1. The desire to humanize Monsters.
2. The lack of making monster races, truly alien and monstrous (40K Orks).

I truly believe the only 'out' if one desired or cared to justify evil humanoids as a default/standard/monolith, is Gods.
Even that, I feel has some pretty gaping holes. If orcs are always evil because Gruumsh created them to be evil, why aren’t elves and dwarves always good?
If it's not Gods (which again I've come to believe introduce a number of truly setting crippling flaws if deconstructed) then either one is saying the cultural angle is too strong, and you will get into racism territory, or that they do not wish to make it anything deeper than 'here are bad guys' no why/how provided.

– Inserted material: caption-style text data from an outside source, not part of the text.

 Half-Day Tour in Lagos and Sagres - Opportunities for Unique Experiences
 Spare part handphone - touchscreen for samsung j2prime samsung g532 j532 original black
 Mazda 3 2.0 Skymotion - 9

Which is fine at an individual level, but not something we can expect Wizards to forward as a default in the year 2021.

Ultimately, I think Gods are kind of an underlying problem to be addressed, and I have to wonder if Wizards has thought on it at all.
I agree, although I don’t think the majority of the player base is “there yet,” you know? I think if we follow the train of thought that has led people to recognize always-evil races as problematic to its final stop, we will ultimately arrive at gods being objectively real and directly interventionist as the root of the problem. But I think we’re still a generation or two from that being broadly accepted. Maybe in 7e.
 



Mind of tempest

(he/him)advocate for 5e psionics
Even that, I feel has some pretty gaping holes. If orcs are always evil because Gruumsh created them to be evil, why aren’t elves and dwarves always good?

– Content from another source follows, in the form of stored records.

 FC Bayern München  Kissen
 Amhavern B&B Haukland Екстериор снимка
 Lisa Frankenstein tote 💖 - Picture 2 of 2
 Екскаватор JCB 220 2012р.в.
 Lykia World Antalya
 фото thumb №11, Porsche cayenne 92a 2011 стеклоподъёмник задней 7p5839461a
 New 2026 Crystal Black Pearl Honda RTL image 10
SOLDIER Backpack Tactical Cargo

I agree, although I don’t think the majority of the player base is “there yet,” you know? I think if we follow the train of thought that has led people to recognize always-evil races as problematic to its final stop, we will ultimately arrive at gods being objectively real and directly interventionist as the root of the problem. But I think we’re still a generation or two from that being broadly accepted. Maybe in 7e.
so kill the gods then? clerics were always secretly evil to begin with?
I mean, either letting them be as diverse and nuanced as humans, or totally disconnecting them from anything resembling personhood. To put it glibly, either make them full-on fiends or “humans with prosthetics.”
how would you divorce something that thoroughly?
Or in Shadowrun Homo sapiens robustus.
that is an option.
 

Charlaquin

Goblin Queen (She/Her/Hers)
so kill the gods then? clerics were always secretly evil to begin with?
Huh? I’m suggesting rebuilding the setting from the ground up to make the existence or nonexistence of gods a matter of faith rather than an objective fact. And add that to the list of things Keith Baker already figured out 17 years ago.
how would you divorce something that thoroughly?
Like I said, Warhammer 40K orcs are the go-to example. Though, my preference is instead to make the humanoid races more diverse and nuanced.
 

Sacrosanct

Legend
As someone who grew up with AD&D 1e, I get how there is resistance to change orcs to be more friendly than the evil monsters they were that we knew. But I'd posit that changing them and/or their behavior is on par with what D&D has done from the beginning. That is, kobolds and hobgoblins were good creatures (or neutral) in mythology and folklore, and D&D made them inherently evil. So really I have no qualms if modern D&D players want to shift how orcs are depicted. Everyone has different preferences, with different exposures and access.